(RECORDS SHOWN):
********************

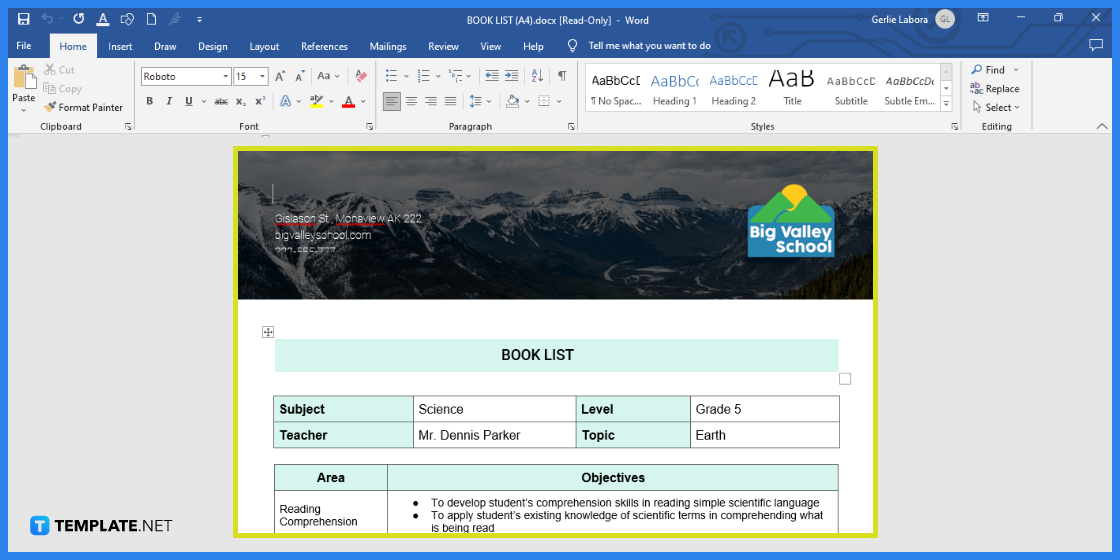 how to create an earth booklist in microsoft word template example 2023 step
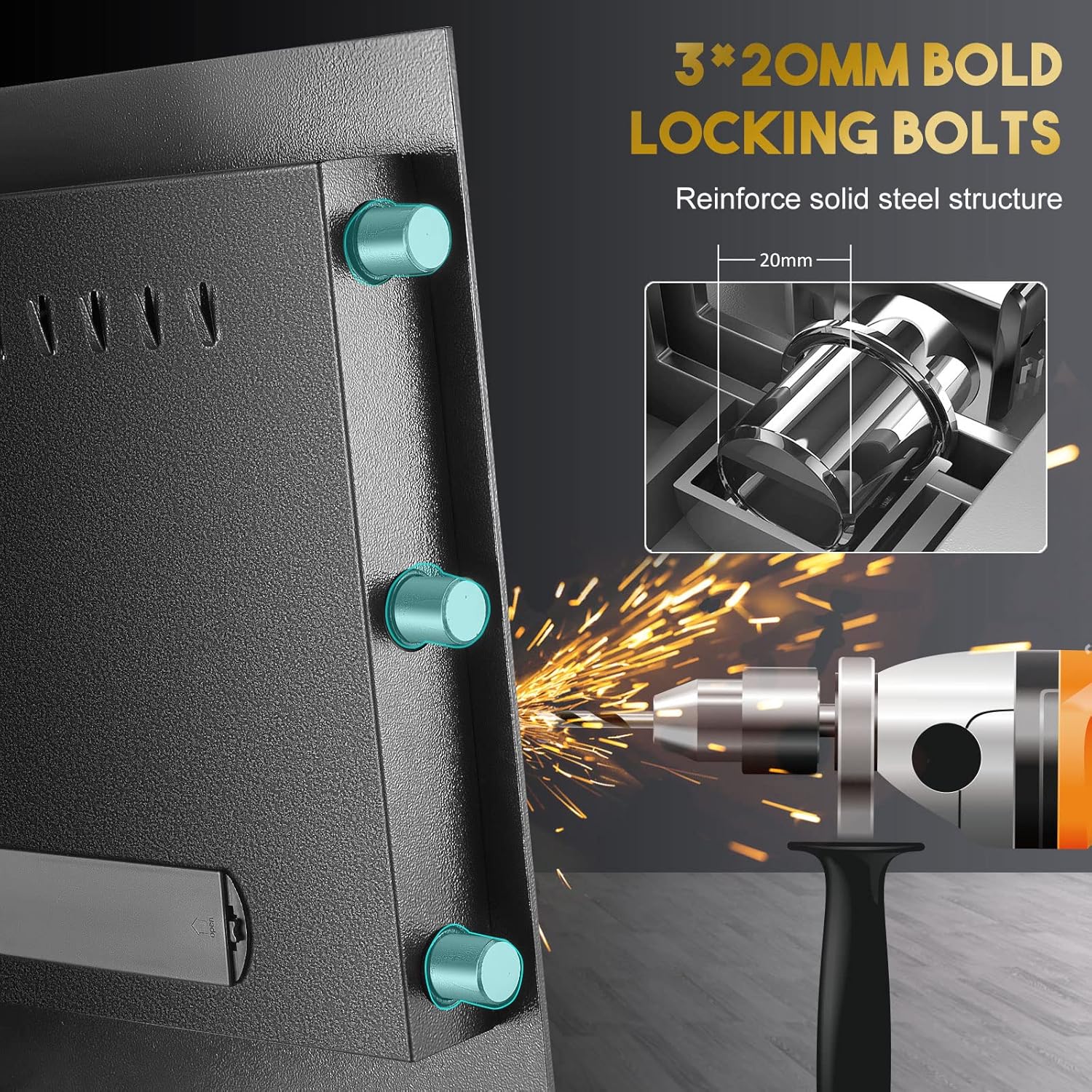Fireproof Waterproof Safe Box with Fireproof Bag, HD LCD Screen Double Lock Cabinet Safe (1.8Cub) Y274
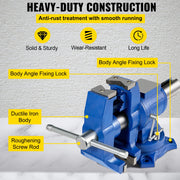 BestEquip Multipurpose Vise 6-Inch Bench Vise 360-Degree Rotation Clamp on Vise with Swivel Base and Head Heavy Duty Multi-Jaw Vise for Clamping Fixing Equipment Home or Industrial Use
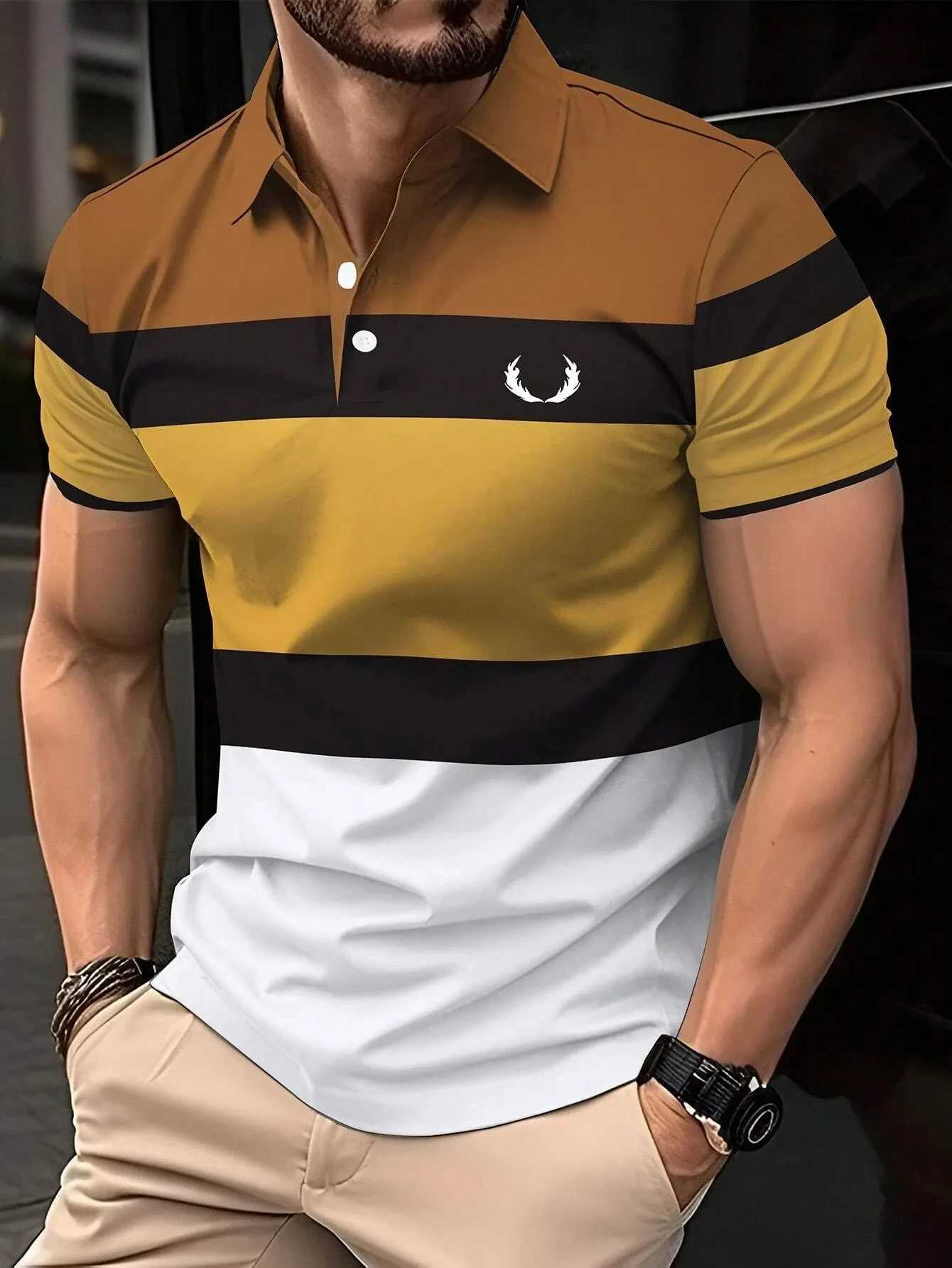 Summer best-selling mens button shirt shirt collar short sleeved zipper casual sports solid color stand trend collar T-shirt X241228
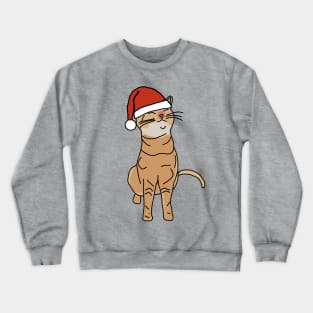 Christmas Kitty Cat in Santa Hat Crewneck Sweatshirt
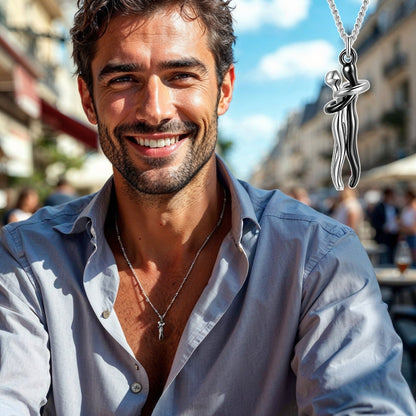 Collier COUPLE AMOUREUX pendentif couple homme femme homme élégant souriant extérieur argent noir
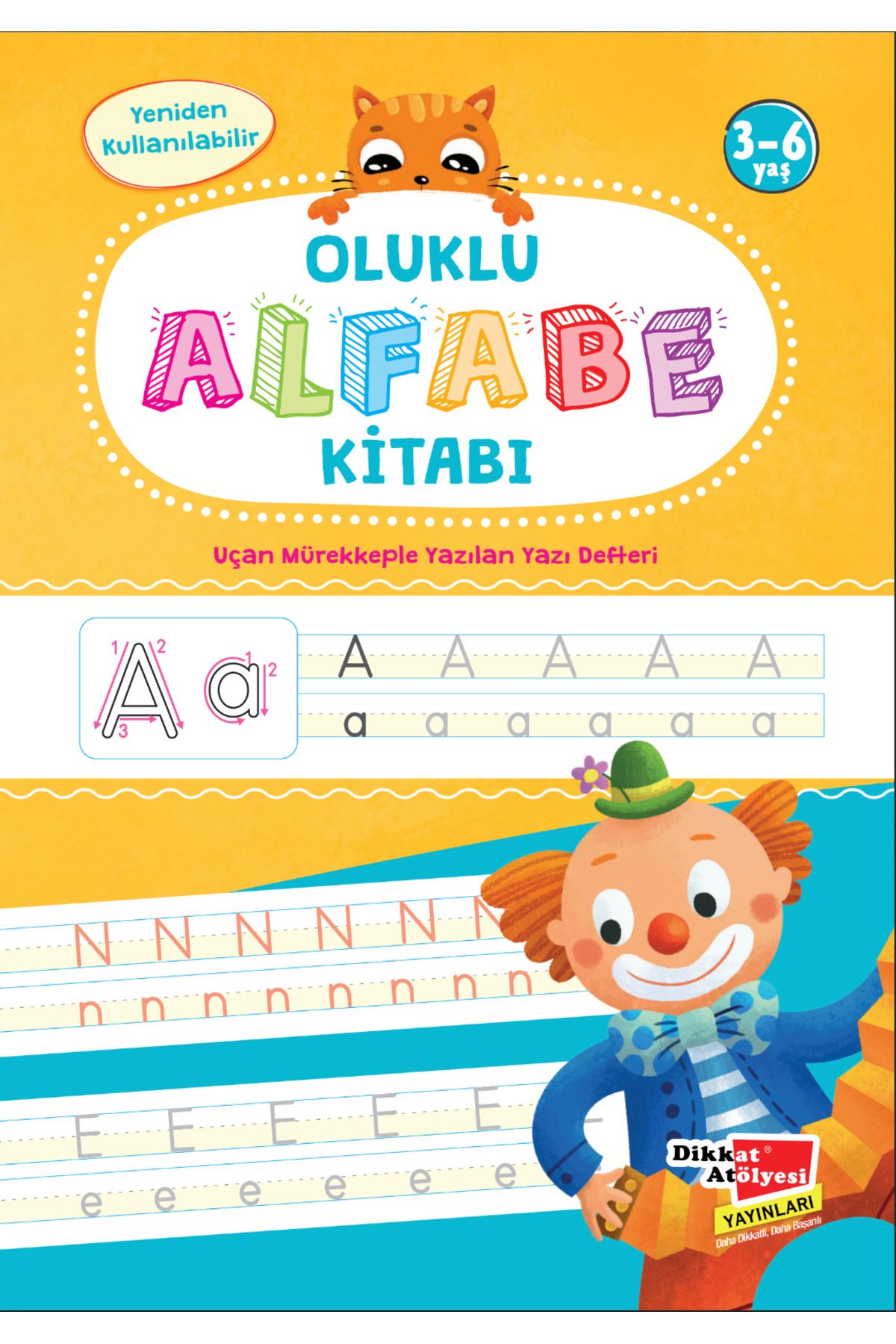 Dikkat Atölyesi Yayınları Sihirli Uçan Kalemli Oluklu (kabartmalı) Alfabe Yazı Kitabı | Yazmayı Kolayca Öğreten Kitap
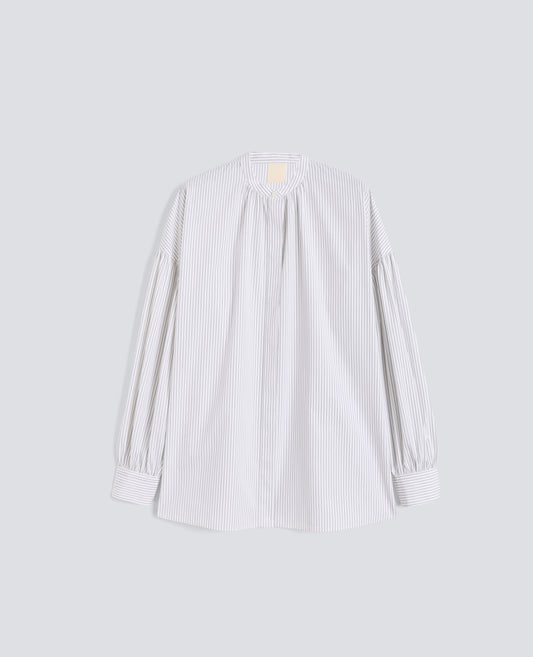 Camicia in popeline cotone rigato - AA Capsule Collection-RIGA NERA-BLACK STRIPED-RAYA NEGRA-STREIFEN SCHWARZ-RAYURE NOIRE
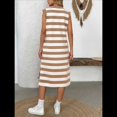 thumbnail image 4 of Vestido de Verano A Rayas para Mujer, Corte A, Informal, con Mangas , Cuello de Solapa, Estilo Camiseta, con Bolsillos, Color Caqui, Talla XL, 4 of 9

********************

Your response must consist of the material above, reproduced word for word, with the images omitted.

 how to create an earth booklist in microsoft word template example 2023 step
Fireproof Waterproof Safe Box with Fireproof Bag, HD LCD Screen Double Lock Cabinet Safe (1.8Cub) Y274
 BestEquip Multipurpose Vise 6-Inch Bench Vise 360-Degree Rotation Clamp on Vise with Swivel Base and Head Heavy Duty Multi-Jaw Vise for Clamping Fixing Equipment Home or Industrial Use
 Summer best-selling mens button shirt shirt collar short sleeved zipper casual sports solid color stand trend collar T-shirt X241228
 Christmas Kitty Cat in Santa Hat Crewneck Sweatshirt
 Collier COUPLE AMOUREUX pendentif couple homme femme homme élégant souriant extérieur argent noir
 Dikkat Atölyesi Yayınları Sihirli Uçan Kalemli Oluklu (kabartmalı) Alfabe Yazı Kitabı | Yazmayı Kolayca Öğreten Kitap
 Camicia in popeline cotone rigato - AA Capsule Collection-RIGA NERA-BLACK STRIPED-RAYA NEGRA-STREIFEN SCHWARZ-RAYURE NOIRE
 thumbnail image 4 of Vestido de Verano A Rayas para Mujer, Corte A, Informal, con Mangas , Cuello de Solapa, Estilo Camiseta, con Bolsillos, Color Caqui, Talla XL, 4 of 9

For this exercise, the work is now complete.